There is a level of frustration across the world as organisations spend ever increasing amounts of money on information security technology, yet still get breached, according to a prominent security speaker.
The SANS Institute’s Dr Eric Cole claimed that organisations need to build capabilities and be prepared for the inevitable information security breach even though they are spending on security, and that there is a need for better security metrics in the boardroom.
“The likelihood is that you will be compromised – even with this vast amount of spending and layers of systems. Now we need to focus more on finding the attackers lurking on hijacked systems and minimising the frequency and impact of each incident,” he said.
“If you compare [your environment] it to the scope, scale and technical capability of the adversary, it is in fact a net loss of capability and we need a change of mind-set on how we deal with the reality of cyber crime. [Building IT infrastructure defensively] should include limiting individual user access, increasing auditing capabilities and regularly ‘going hunting’ for compromised systems and bad user behaviour.”

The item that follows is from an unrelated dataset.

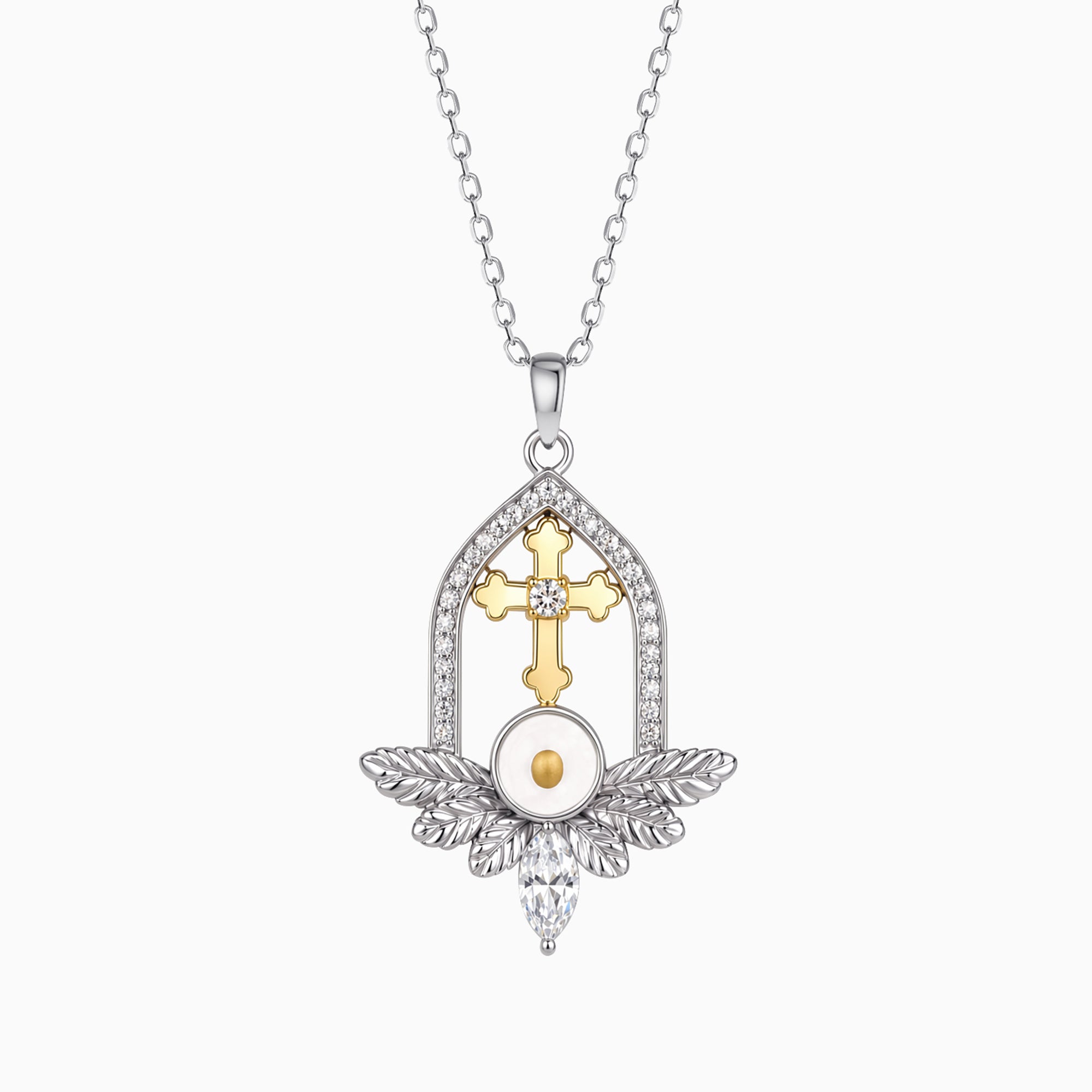 Blooming Faith Mustard Seed Necklace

In his view, the danger of complacency can be as risky as incompetence. “When a large organisation says to me that they have never had an information security breach, an alarm bell instantly rings,” says Cole. “The modern and often state-sponsored attacker wants to get in and stay in and if successful then no alarm bell sounds even as on-going frauds are perpetrated and sensitive data stolen.”

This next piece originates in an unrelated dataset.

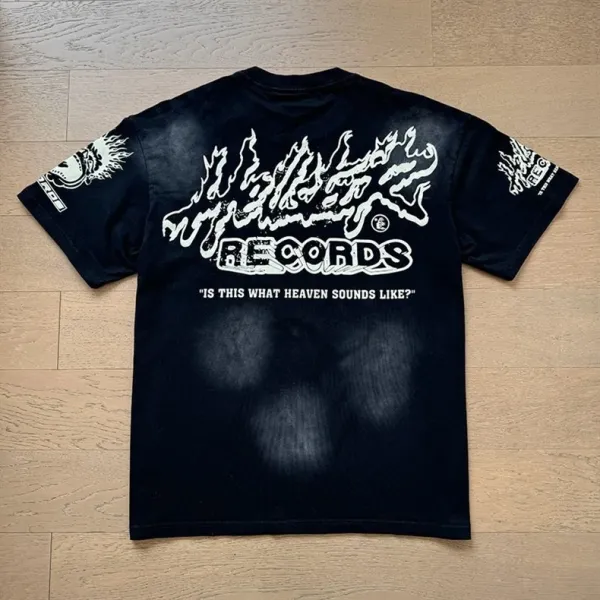 Hellstar Reach Your Inner Peace Black T-Shirt - 51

“The Advanced Persistent Threat (APT) message is not just a case of FUD, and the smarter organisations start with the assumption that it is currently going on and they look for the signs instead of just assuming invulnerability – which nobody is. A quick look at Wikileaks.org will show just the visible tip of a very large iceberg.”
He said that while over a dozen large organisations that have quietly fired their CISO, but this shows that the board knows what failure looks like, but it still has a hard job measuring success when it comes to information security. “The main issue is that there is no 99.999 per cent uptime equivalent for information security, which means that the modern CISO needs to be able to provide metrics and potentially educate the board as to what they are doing to mitigate risk and more importantly, find compromised systems and vulnerabilities and close these gaps.”